Playoff cutoff: 90.2 points.
Since the league still hasn't yet implemented Gold drafting (which guarantees a full slate of exciting games for fans of all teams, win or lose, while eliminating tanking and giving the best picks to the worst teams), many teams will once again play many games at the end of the year which would be in their best interests to lose. Although there will be many trades and confusions between now and the end of the year, these are the early probabilities (including all three lotteries) for who will get the 2022 first overall draft pick.

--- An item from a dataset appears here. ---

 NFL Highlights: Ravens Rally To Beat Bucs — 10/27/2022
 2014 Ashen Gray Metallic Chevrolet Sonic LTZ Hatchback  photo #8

Team(s) | Chance of First overall pick |
---|---|
BUF | 9.0% |
PHI | 8.7% |
CHI | 6.6% |
CBJ | 6.6% |
DET | 6.1% |
MTL | 5.5% |
ARI | 4.9% |
STL | 4.3% |
ANA | 4.2% |
S.J | 4.0% |
OTT | 4.0% |
N.J | 3.5% |
DAL | 3.4% |
VAN | 3.2% |
NYR | 2.8% |
WSH | 2.7% |
L.A | 2.5% |
EDM | 2.2% |
WPG | 2.1% |
SEA | 2.0% |
BOS | 2.0% |
CGY | 1.7% |
MIN | 1.6% |
NSH | 1.5% |
FLA | 1.3% |
PIT | 1.2% |
NYI | 1.0% |
VGK | 0.7% |
T.B | 0.6% |
TOR | 0.1% |
CAR | 0.0% |
COL | 0.0% |
The Colorado chance is zero because their first-round pick for this draft was traded to Arizona as part of the Darcy Kuemper deal, the Coyotes' chance is higher than it would otherwise be for this reason. Carolina does not have a first round pick this draft, having given it to Montreal as part of the Kotkaniemi offer-sheet compensation. It is possible that the Coyotes will have another first-round pick this season, from the Dvorak trade, but the conditions on that trade make this unlikely to affect Arizona's probability (or Montreal's) very much.